Document Type : Research Paper


Civil Engineering Dept., University of Technology-Iraq, Alsina’a street, 10066 Baghdad, Iraq.


Seismic activity has emerged as a mostly attractive issue for researchers and engineers, particularly in light of the recent occurrence of severe earthquakes worldwide, such as those felt in Turkey and Syria. Most entities prone to seismic damage are the structures. Any type of structure consists of a composite system involving structure, foundation, and soil. Previously, numerical and analytical methods for dynamic seismic analysis of structures ignored the impact of this system during earthquakes. In other words, soil-structure interaction (SSI) was ignored.

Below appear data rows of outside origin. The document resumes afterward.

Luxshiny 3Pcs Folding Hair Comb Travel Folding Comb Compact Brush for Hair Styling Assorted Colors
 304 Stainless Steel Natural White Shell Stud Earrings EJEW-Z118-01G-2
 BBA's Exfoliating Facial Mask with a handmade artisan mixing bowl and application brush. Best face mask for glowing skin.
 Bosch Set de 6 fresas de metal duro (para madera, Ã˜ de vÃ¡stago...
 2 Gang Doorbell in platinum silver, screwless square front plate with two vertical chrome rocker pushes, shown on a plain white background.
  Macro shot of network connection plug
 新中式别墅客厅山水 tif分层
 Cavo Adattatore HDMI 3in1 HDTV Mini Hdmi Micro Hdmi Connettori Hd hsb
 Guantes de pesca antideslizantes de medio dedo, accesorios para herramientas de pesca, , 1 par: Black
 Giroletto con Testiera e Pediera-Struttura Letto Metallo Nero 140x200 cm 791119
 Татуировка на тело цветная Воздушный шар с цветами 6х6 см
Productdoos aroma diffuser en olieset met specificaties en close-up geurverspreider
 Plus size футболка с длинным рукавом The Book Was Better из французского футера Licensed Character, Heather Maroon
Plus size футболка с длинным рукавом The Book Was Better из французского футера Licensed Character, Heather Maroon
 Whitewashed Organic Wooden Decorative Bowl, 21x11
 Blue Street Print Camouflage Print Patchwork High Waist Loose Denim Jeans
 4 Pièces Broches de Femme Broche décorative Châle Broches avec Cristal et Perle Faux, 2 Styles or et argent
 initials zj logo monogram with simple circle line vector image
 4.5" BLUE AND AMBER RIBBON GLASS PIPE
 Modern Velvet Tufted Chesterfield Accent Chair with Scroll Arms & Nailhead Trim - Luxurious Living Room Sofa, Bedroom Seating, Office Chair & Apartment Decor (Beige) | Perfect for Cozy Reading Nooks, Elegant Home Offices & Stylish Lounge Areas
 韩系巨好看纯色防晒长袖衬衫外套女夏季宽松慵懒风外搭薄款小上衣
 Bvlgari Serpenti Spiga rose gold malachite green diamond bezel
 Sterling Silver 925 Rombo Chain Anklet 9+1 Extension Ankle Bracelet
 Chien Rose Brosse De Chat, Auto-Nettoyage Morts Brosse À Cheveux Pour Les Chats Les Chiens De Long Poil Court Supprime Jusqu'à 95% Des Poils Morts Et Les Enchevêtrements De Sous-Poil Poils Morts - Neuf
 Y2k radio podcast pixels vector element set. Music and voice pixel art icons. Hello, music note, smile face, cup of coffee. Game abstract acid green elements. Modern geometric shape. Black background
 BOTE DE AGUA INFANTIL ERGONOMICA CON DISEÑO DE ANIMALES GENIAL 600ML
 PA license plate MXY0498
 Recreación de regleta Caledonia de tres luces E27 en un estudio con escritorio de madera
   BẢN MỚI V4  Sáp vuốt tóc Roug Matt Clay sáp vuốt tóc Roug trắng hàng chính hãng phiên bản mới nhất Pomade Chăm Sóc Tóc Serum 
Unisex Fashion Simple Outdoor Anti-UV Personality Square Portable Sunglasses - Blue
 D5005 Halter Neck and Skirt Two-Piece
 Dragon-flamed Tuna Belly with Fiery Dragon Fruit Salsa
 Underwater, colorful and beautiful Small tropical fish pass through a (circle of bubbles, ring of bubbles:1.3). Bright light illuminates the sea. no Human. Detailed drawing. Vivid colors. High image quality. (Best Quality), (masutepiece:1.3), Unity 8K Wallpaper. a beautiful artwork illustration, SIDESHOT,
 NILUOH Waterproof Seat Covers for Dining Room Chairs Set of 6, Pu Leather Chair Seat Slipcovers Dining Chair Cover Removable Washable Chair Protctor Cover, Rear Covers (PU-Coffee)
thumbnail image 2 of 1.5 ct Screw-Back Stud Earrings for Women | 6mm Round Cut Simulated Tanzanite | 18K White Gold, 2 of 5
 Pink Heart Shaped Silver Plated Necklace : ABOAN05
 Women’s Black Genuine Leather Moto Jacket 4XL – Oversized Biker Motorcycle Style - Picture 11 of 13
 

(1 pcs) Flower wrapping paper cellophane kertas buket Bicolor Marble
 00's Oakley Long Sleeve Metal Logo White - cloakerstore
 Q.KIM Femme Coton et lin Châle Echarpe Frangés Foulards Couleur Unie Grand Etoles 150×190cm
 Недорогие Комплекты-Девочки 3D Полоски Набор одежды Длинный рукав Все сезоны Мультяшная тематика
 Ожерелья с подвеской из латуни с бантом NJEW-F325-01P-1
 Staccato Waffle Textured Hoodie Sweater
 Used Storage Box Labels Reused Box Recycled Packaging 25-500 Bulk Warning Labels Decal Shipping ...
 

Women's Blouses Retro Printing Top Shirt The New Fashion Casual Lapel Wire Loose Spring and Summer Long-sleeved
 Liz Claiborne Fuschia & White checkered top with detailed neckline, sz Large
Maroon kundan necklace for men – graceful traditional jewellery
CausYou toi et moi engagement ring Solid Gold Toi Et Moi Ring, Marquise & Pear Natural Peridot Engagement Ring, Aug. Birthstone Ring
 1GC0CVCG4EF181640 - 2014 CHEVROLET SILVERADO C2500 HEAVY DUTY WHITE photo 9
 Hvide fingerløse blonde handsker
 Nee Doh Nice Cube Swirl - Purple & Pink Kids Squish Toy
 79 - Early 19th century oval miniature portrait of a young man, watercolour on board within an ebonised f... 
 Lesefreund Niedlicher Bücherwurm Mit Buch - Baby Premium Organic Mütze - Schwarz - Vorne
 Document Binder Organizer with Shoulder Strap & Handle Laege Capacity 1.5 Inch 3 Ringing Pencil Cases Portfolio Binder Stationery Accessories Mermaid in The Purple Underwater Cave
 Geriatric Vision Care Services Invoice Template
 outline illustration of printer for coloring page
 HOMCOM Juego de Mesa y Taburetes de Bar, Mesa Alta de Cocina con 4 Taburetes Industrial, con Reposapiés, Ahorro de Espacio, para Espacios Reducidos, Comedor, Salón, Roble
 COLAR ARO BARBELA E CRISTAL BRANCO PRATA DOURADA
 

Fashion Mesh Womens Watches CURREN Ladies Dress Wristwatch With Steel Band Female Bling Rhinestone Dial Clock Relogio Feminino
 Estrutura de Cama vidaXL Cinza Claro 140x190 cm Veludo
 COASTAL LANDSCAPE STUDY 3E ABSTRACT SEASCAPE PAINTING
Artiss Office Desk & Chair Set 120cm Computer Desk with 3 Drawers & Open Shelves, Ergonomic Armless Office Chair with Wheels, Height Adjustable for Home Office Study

Moreover, another important factor that was not considered is the interaction between structures and soil, or what is called structure-soil-structure interaction (SSSI), which usually occurs between two adjacent structures. This research aims to comprehensively understand the SSSI by performing a series of dynamic tests using a shaking table system. The tests concentrate on the effect of height on the dynamic behavior between two adjacent steel structures rested on sand soil. This study employed four novel small-scale multi-degree-of-freedom steel structure models: three, four, and five-story steel structures against a three-story steel structure. The results indicated that the tallest building had the maximum effect on the shorter one, especially on the top displacement with a peak value of 3.82 cm, top acceleration with a peak value of about 0.2 g, and foundation rotation with a peak value of around 1 degree. However, the effect of the structure height has a reverse impact on the soil pressure beneath the foundation of the shortest structure since the largest pressure response was recorded for the effect of the shortest similar adjacent building with a peak value of 8.8 kPa. In comparison, the highest building has the lowest effect on the shortest building, with a peak value of 6 kPa. 

Graphical Abstract


  • Seismic tests consisted of three small-scale structural steel models of varying heights on sand soil.
  • Structural seismic responses were represented by time-domain behaviors like acceleration and displacement.
  • Taller buildings strongly affected shorter adjacent buildings' acceleration and displacement.
  • Taller buildings weakly affected the soil pressure of adjacent shorter buildings.